INSTRUCTIONS FOR THE TASK → Pictures must be dropped from the copy of the entries below; all else is returned exactly.

TASK INPUT →
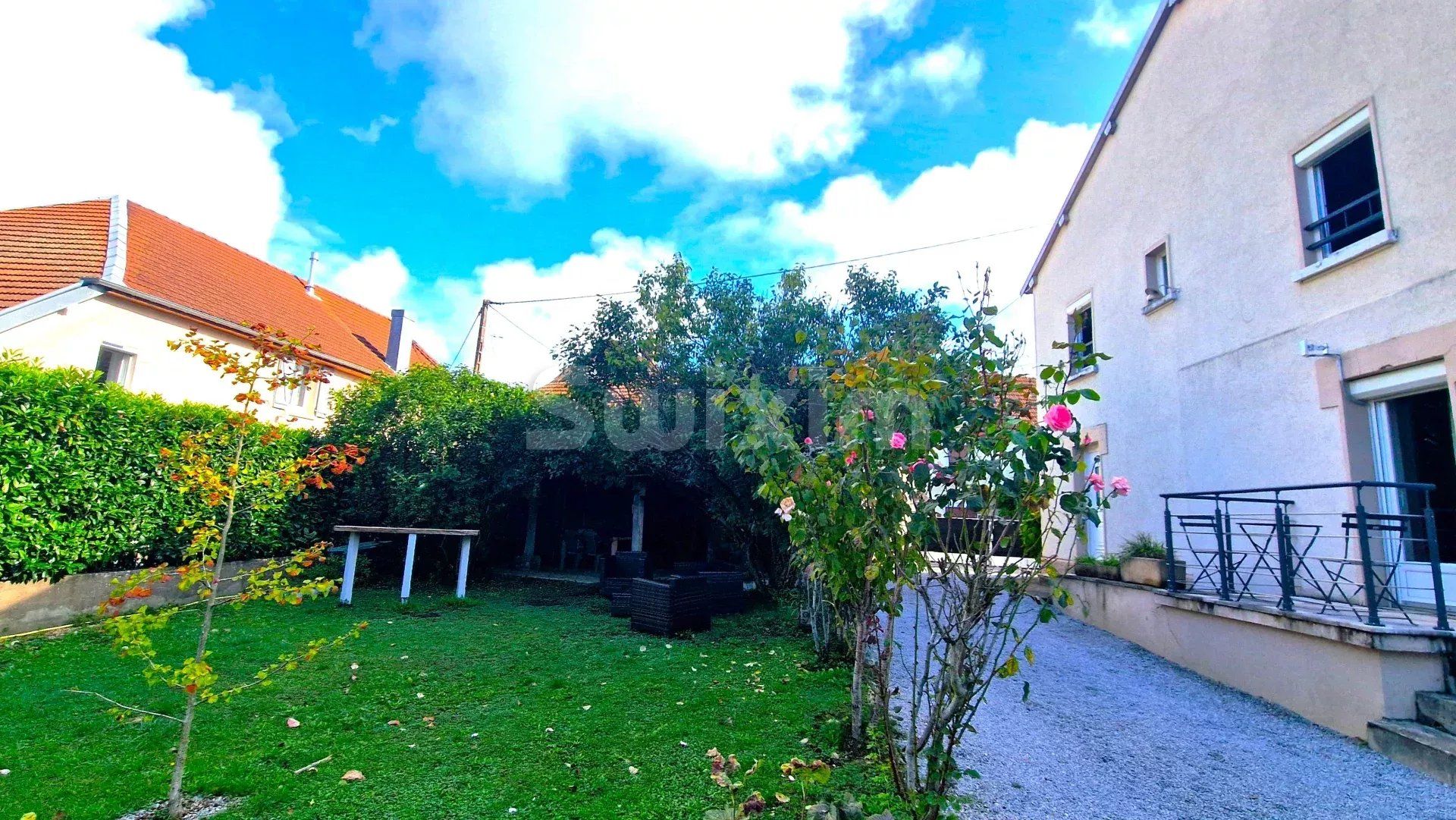 immeuble 11 Pièces en vente sur Torpes (25320)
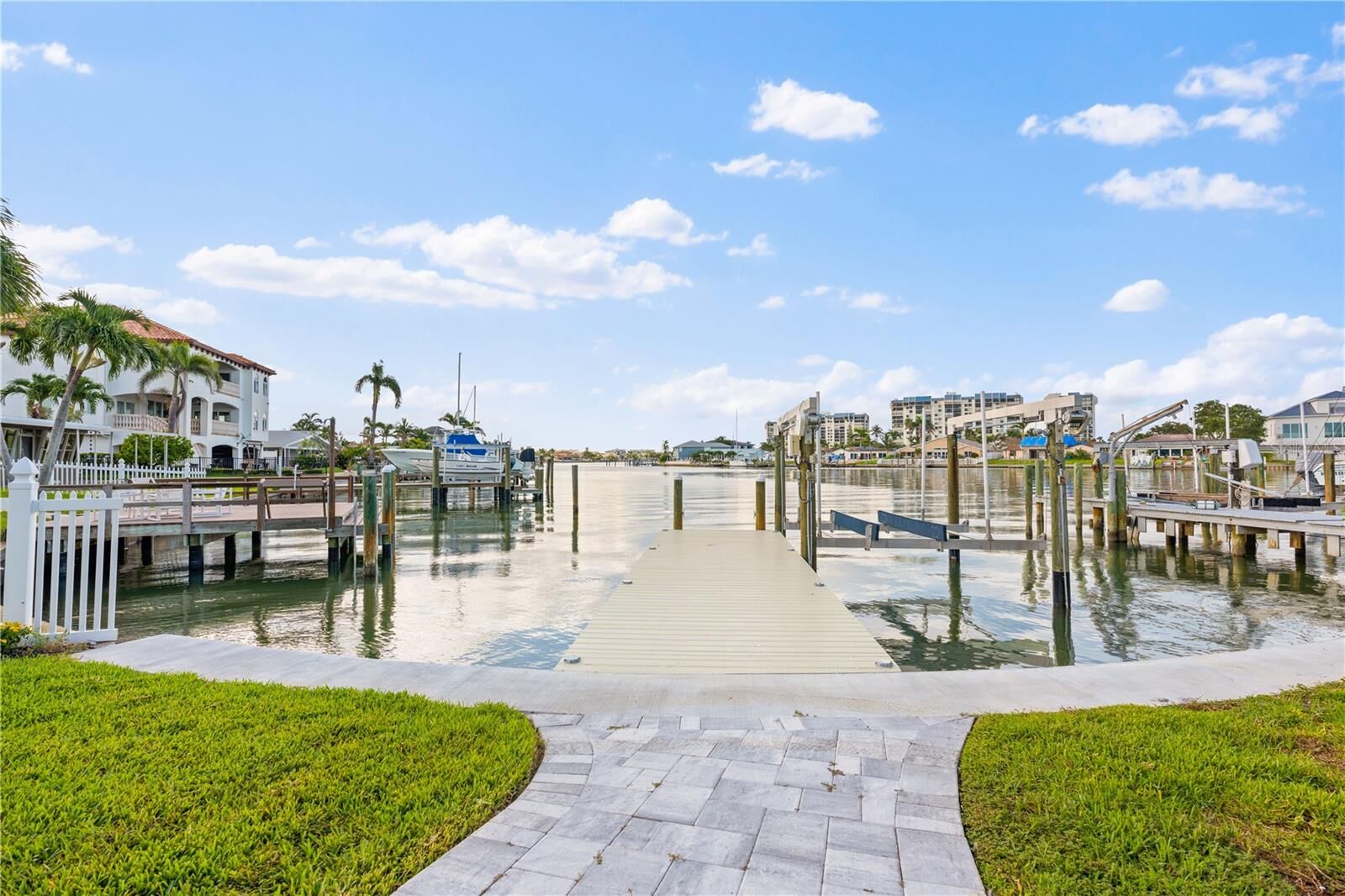 Property Photo:  24 Marina Terrace  FL 33706 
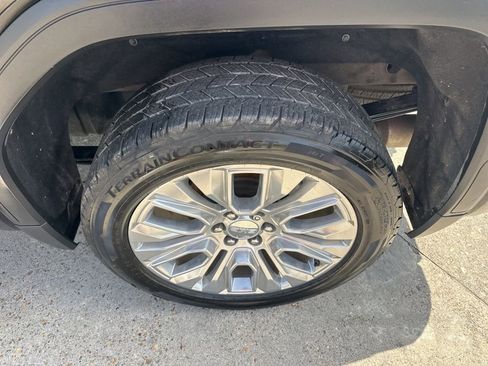 Used 2022 GMC Sierra 1500 Denali w/ Denali Premium Package image 17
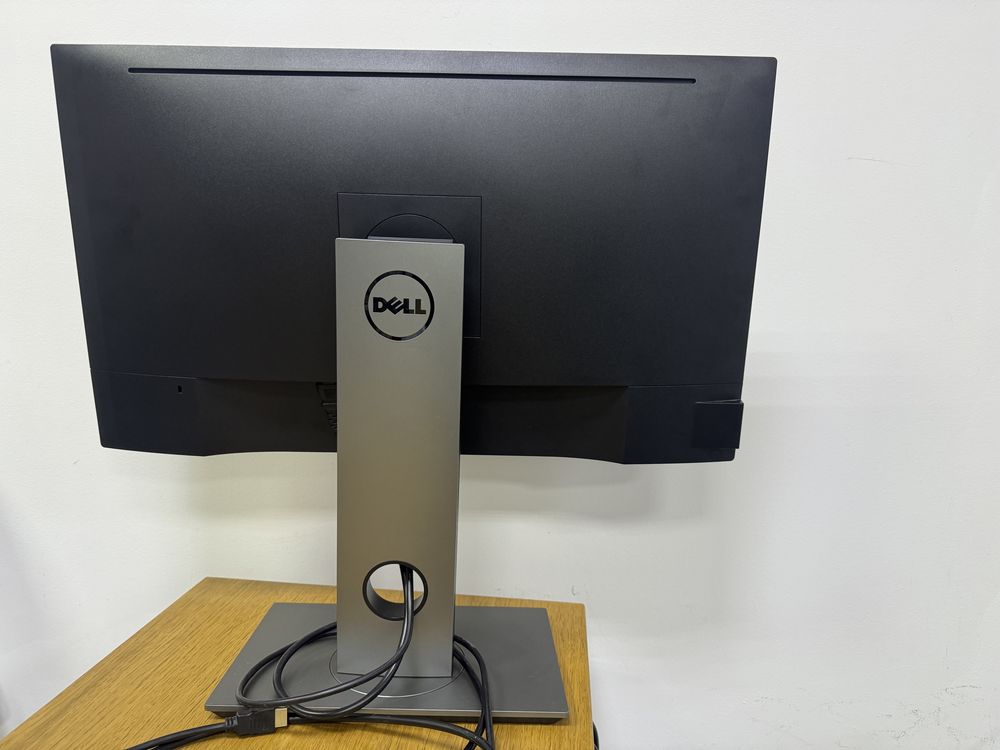 Монітор 27''  Dell P2717h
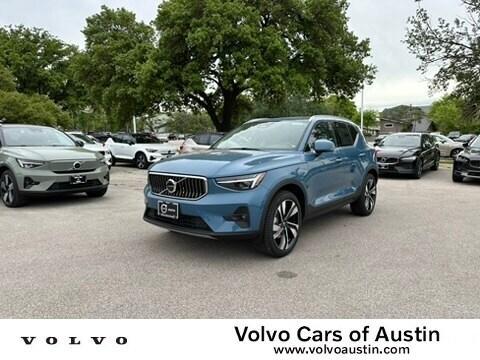 new 2024 Volvo XC40 car, priced at $51,425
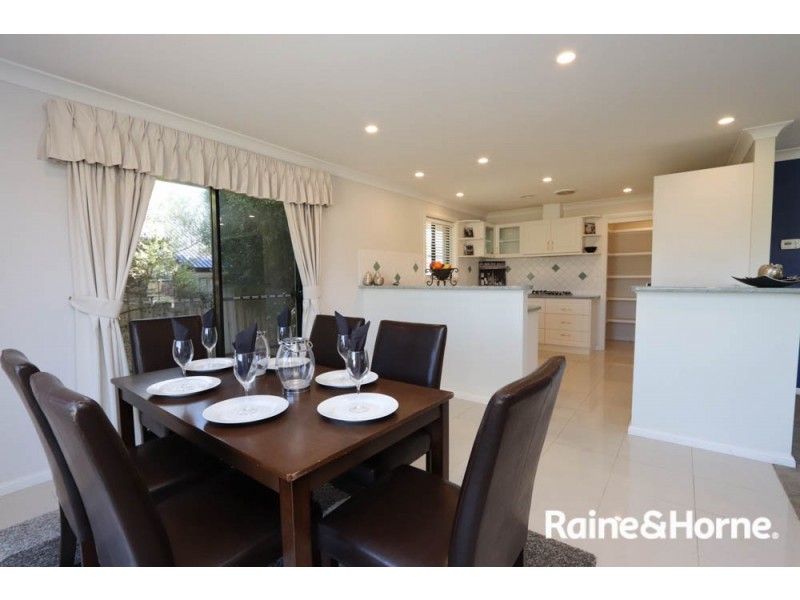 20 James Barnet Drive, Kelso NSW 2795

RESPONSE TO THIS TASK →
 immeuble 11 Pièces en vente sur Torpes (25320)
 Property Photo:  24 Marina Terrace  FL 33706 
 Used 2022 GMC Sierra 1500 Denali w/ Denali Premium Package image 17
 Монітор 27''  Dell P2717h
 new 2024 Volvo XC40 car, priced at $51,425
 20 James Barnet Drive, Kelso NSW 2795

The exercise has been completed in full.